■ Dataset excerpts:

==========

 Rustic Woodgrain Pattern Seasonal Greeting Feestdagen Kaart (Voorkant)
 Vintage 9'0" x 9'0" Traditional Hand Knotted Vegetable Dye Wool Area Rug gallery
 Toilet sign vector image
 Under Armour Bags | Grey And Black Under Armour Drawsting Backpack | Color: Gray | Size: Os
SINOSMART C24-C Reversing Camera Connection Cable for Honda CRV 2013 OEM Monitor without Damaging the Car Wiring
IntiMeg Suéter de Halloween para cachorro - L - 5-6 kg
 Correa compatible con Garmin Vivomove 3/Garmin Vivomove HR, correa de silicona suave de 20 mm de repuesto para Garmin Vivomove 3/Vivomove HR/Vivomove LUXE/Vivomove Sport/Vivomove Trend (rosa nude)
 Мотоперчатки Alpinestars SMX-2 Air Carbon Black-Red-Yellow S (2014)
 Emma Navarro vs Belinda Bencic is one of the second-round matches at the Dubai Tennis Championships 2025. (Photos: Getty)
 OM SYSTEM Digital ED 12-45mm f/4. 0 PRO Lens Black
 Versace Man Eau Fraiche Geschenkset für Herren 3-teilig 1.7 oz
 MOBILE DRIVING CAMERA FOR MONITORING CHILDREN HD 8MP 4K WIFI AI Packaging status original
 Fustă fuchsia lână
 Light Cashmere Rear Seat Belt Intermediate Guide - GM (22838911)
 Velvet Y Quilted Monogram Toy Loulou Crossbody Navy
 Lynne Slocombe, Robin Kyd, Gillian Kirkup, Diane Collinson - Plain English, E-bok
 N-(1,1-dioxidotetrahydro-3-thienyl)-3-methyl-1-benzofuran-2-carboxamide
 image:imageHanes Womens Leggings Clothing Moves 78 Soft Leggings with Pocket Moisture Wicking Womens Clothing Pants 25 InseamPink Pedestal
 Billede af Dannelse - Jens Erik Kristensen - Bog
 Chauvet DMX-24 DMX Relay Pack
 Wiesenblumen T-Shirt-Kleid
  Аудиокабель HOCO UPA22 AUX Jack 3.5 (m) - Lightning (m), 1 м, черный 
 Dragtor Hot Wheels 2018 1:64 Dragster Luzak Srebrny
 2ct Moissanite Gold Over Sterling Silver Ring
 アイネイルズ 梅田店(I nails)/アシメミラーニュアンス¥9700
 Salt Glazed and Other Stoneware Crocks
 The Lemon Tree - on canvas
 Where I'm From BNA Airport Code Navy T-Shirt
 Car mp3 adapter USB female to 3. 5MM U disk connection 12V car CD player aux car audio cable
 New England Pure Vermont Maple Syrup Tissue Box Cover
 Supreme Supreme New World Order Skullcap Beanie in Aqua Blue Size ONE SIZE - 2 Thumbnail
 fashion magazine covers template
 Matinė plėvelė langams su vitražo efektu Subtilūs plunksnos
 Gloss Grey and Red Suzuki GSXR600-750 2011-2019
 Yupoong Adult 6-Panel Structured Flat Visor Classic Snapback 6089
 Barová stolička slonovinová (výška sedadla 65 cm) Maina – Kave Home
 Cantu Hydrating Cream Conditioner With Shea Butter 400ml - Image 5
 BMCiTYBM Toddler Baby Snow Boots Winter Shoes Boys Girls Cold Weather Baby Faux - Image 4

==========

Read through the entries and copy each line in which "Size" appears.

■ Answer section:
 Under Armour Bags | Grey And Black Under Armour Drawsting Backpack | Color: Gray | Size: Os
 Supreme Supreme New World Order Skullcap Beanie in Aqua Blue Size ONE SIZE - 2 Thumbnail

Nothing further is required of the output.